Category Archives: Technology

GSDI 12 – Embracing Social Media

For those who are into Spatial Data Infrastructures you are know doubt aware of GSDI 12 (Global Spatial Data Infrastructure Association) which is occurring in Singapore later this year. This conference is the 12th running and is themed ‘Realising Spatial Enabled Societies’ and I highly recommend attending as with the growth of social media, societies seem only one (large) step away from fully realising the benefits of location/spatial in day to day operations.

It is with great interest on the promotion of this even that the organisers have embraced twitter (@GSDI12) and is even using You Tube as a means to market what is happening for GSDI. As a twitter user I have been following the thread with great interest and glad to see that the updates come thick and fast throughout the weeks and are not intermittent. This keeps it fresh in my mind and even leads me to blogging about it.

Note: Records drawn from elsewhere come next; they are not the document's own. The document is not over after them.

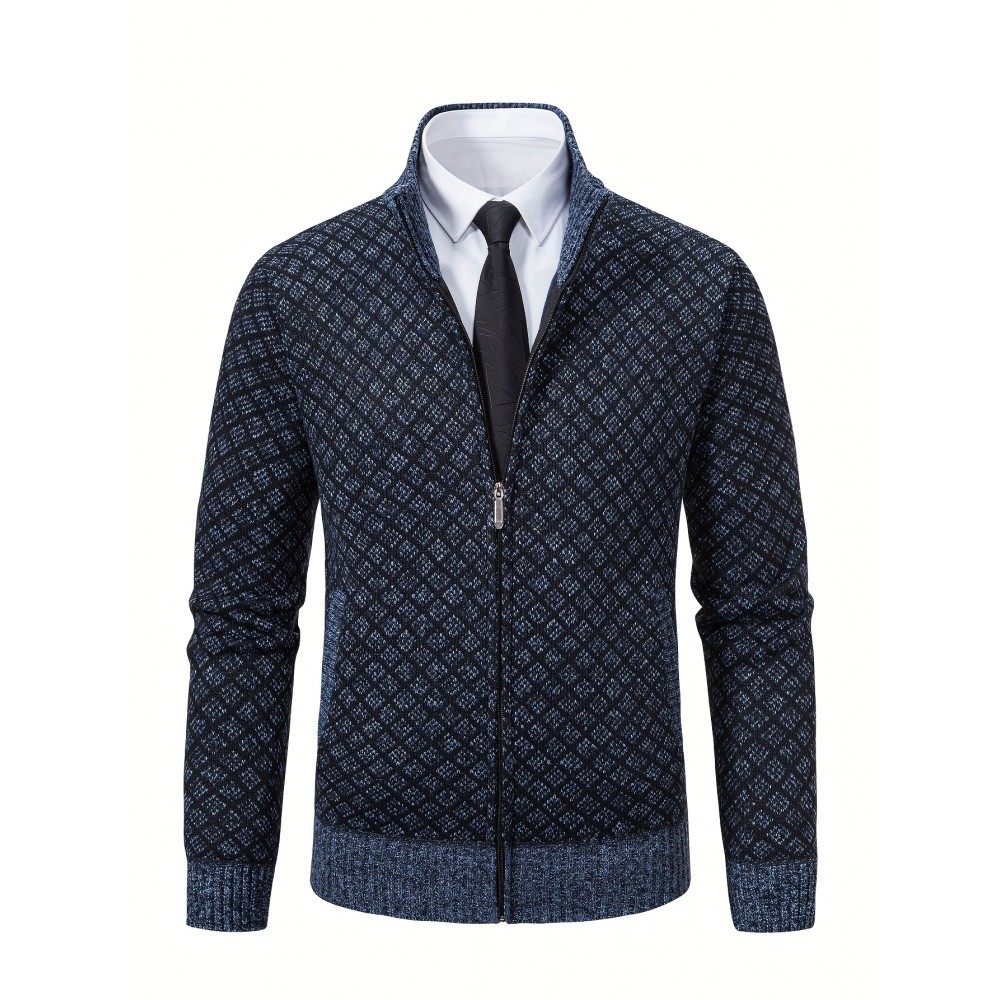Men's Slim-Fit Thick Winter Knit Jacket with Stand Collar & Plaid Pattern - Warm Coat for Cold Weather, Casual Outerwear for Office or Everyday Use, Layering Piece under Suit Coats (Novelty Category)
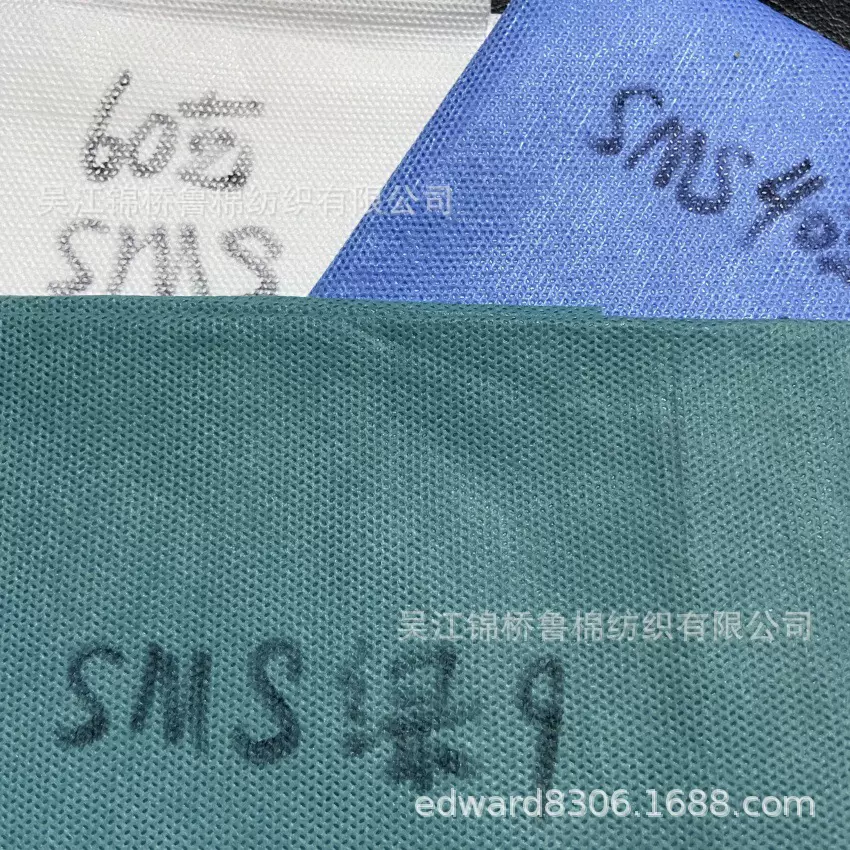 纳米银抗菌抑菌SMSSS无纺布印花淋膜复合亲水膜隔离衣空调过滤布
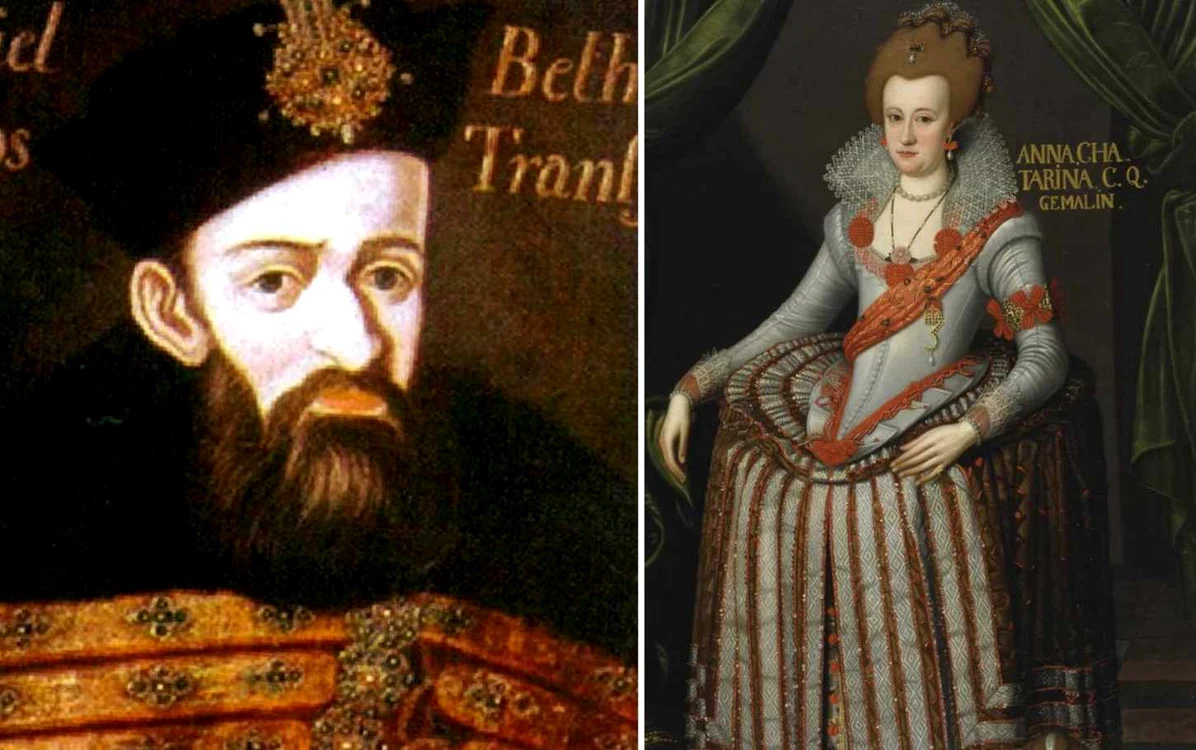Gabor Bethlen și Ecaterina, soția sa. Tablouri de epocă. Wikipedia.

Usage of social media as a means of business marketing in my mind I feel is underutilised in Australia. A statistic that I came across this morning is that 75% of SME do not use social media to advertise their business, (http://bit.ly/dynJtA) yet I find the potential to connect people to place via these mediums allows marketing spend to be targeted to those demographics businesses want to attract. It is with this last thought that I sit back and reflect on the importance of spatial/location. Yes as an industry we realise the importance on adding location as a tag into all data types although listening to a colleague yesterday, if we want to realise a spatially enabled society we need to draw out the benefits to those outside of our industry in a simple, clear way. When comparing adding location tags to data against other tags such as gender, age, nationality, what takes precedence in determining where our limited resources in data collection go?

Technology is enabling the embedding of location to become simpler. Simple user interfaces, better data infrastructures and enabling technologies to bond data between the business and the user is happening. Data infrastructures built on spatial technologies could become a key enabler for social media to expand out from current mass media and advertising markets. Imagine collecting bird sightings through a social media page rather than separate websites to track where endangered species are located in order to facilitate discussion on urban planning. Social media pages such as facebook currently get more ‘visits’ than the Google home page. In planning data infrastructure the time is right to ensure that the information being linked can also link to social media in order to enable the innovative use of data within these sites.

We are good at linking data and we need to get better at linking into current trends and enabling better evidence to be used online. I’m sure there will be many discussions in this space at GSDI 12. I look forward to seeing you there.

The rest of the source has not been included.